Sembrano non finire mai le tegole in testa al ciclismo in questa fine 2017. Nell’edizione cartacea odierna del settimanale francese Le Canard Enchainé viene rivelata l’esistenza di un’inchiesta partita l’estate scorsa da parte del tribunale distrettuale di Parigi, condotta da due procuratori francesi, Claire Thépaut e Serge Tournaire, sul doping meccanico nel ciclismo professionistico.
L’inchiesta sarebbe partita dalle segnalazioni della “divisione infrazioni finanziarie” della Gendarmerie francese che indagava su relazioni sospette tra alcune squadre internazionali ed alcune società private.
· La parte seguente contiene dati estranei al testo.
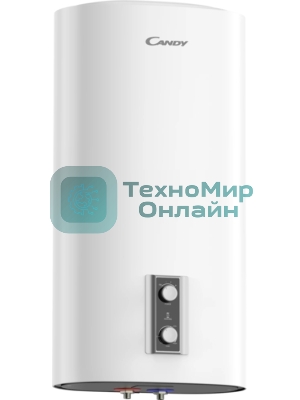 Водонагреватель электрический Candy CF50V-P1 INOX белый, накопительный, 50 л, 2 кВт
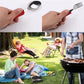 4-in-1 Stainless Steel Camping Utensils - Folding Pocket Cutlery Set for Hiking and Travel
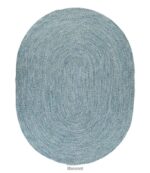 L.L.Bean unisex gevlochten vloerkleed voor alle weersomstandigheden, ovaal met concentrisch patroon oceaan huis goederen VT0642494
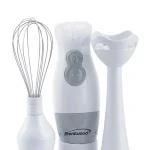 Brentwood Appliances 2-Speed White Handheld Immersion Mixer and Food Processor with Balloon Whisk thumbnail 7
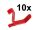 Einzelhaken zur magnetischen Lochwand 10er Pack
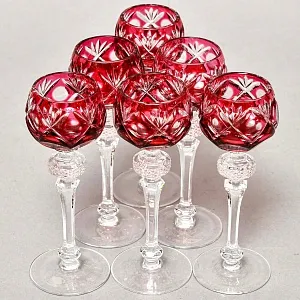 Набор Хрустальных Рюмок «Die Eingebung», WMF Cristal Cabinet Германия, 60 -гг.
Secondo la fonte del quotidiano che ha fatto pervenire i documenti relativi all’inchiesta i due giudici stanno indagando sul sospetto che esista “un patto al più alto livello tra squadre, società private e più alte istanze del ciclismo che avrebbe fatto beneficiare grandissimi corridori degli ultimi ritrovati tecnologici in materia di motori elettrici“.
L’UCI ha effettuato 50.000 controlli negli ultimi due anni in materia di doping meccanico, ma trovando 1 solo caso positivo, quello della ciclocrossista belga Femke Van Driesche, nonostante i continui allarmi in merito provenienti da alcune indagini della stampa (come quella congiunta tra Corriere della Sera e Le Monde) e TV (Stade2) riguardo l’utilizzo in corsa dei famigerati motori elettrici.
Se questa inchiesta dovesse provare l’esistenza di un patto tanto scellerato potrebbe essere un colpo devastante per il ciclismo.